Así pues, la crisis ruso-europea no tiene sus raíces en los recientes conflictos de Ucrania o Crimea sino en las consecuencias de la Guerra Fría, cuyas perturbaciones políticas, económicas y sociales siguen pasando factura. A finales de los años 90 del siglo pasado, tanto Europa (en especial la OTAN) como EE.UU. se autoproclamaron victoriosos triunfadores de un largo enfrentamiento que había mostrado definitivamente al mundo cuál era la ideología dominante para el futuro. La nueva Rusia, que entonces se esforzaba por reconstruirse sobre las ruinas de la desaparecida URSS, hizo patente su protesta por el expansionismo europeo desde una posición política y diplomáticamente muy débil.
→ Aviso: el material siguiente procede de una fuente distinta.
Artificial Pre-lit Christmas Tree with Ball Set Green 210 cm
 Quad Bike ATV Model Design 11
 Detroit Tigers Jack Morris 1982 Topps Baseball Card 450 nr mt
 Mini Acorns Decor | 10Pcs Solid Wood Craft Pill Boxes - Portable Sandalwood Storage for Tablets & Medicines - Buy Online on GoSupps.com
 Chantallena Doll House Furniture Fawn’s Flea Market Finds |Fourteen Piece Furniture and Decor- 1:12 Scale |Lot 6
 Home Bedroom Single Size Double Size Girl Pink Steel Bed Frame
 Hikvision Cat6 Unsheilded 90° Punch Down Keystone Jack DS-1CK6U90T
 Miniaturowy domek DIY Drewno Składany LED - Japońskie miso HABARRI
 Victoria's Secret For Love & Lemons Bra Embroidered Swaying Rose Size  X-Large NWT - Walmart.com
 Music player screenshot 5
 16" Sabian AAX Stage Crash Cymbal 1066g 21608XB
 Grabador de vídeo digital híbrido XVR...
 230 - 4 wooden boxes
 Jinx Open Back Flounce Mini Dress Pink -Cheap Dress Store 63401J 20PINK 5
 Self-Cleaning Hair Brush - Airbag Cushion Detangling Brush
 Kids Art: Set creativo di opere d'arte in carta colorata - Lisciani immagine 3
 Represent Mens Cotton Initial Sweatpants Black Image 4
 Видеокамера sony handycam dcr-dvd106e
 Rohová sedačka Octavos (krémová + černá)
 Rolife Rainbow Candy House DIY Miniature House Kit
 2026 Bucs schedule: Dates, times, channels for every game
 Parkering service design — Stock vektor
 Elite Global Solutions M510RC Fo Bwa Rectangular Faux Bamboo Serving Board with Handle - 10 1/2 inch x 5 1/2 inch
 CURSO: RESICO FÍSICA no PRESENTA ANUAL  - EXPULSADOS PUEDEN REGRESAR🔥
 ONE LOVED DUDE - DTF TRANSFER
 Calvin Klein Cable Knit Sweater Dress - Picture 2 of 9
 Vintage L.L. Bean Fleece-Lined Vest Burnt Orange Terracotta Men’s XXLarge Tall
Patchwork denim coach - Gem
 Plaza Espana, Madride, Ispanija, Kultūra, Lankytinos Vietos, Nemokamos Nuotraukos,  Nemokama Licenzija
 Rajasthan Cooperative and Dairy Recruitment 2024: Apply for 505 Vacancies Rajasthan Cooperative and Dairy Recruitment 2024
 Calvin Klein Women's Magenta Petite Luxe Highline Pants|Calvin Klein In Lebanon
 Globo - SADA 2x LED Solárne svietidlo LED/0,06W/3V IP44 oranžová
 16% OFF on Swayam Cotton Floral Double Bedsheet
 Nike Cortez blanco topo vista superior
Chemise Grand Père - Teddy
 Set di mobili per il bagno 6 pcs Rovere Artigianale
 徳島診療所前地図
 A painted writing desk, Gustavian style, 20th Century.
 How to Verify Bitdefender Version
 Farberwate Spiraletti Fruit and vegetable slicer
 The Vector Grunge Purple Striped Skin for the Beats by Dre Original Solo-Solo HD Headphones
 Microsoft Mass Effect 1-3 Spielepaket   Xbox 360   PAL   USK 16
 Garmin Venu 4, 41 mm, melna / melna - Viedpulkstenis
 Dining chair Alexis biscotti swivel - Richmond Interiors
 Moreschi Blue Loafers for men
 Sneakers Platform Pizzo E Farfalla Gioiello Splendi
En marzo de 1999, Hungría, Polonia y la República Checa se acogieron al paraguas militar otánico; en 2004 lo hicieron Bulgaria, Eslovaquia, Eslovenia, Rumanía y las tres republicas bálticas; y en 2009 la OTAN extendió su responsabilidad territorial a Croacia y Albania. En la práctica, esto significaba que el vacío creado por la disolución del Pacto de Varsovia era llenado con rapidez por la expansión de la OTAN. Esto contribuyó a reforzar el ancestral temor que siempre ha aquejado a los gobernantes rusos de todas las épocas a ser asfixiados territorialmente y les ha impulsado a buscar salidas hacia los mares templados.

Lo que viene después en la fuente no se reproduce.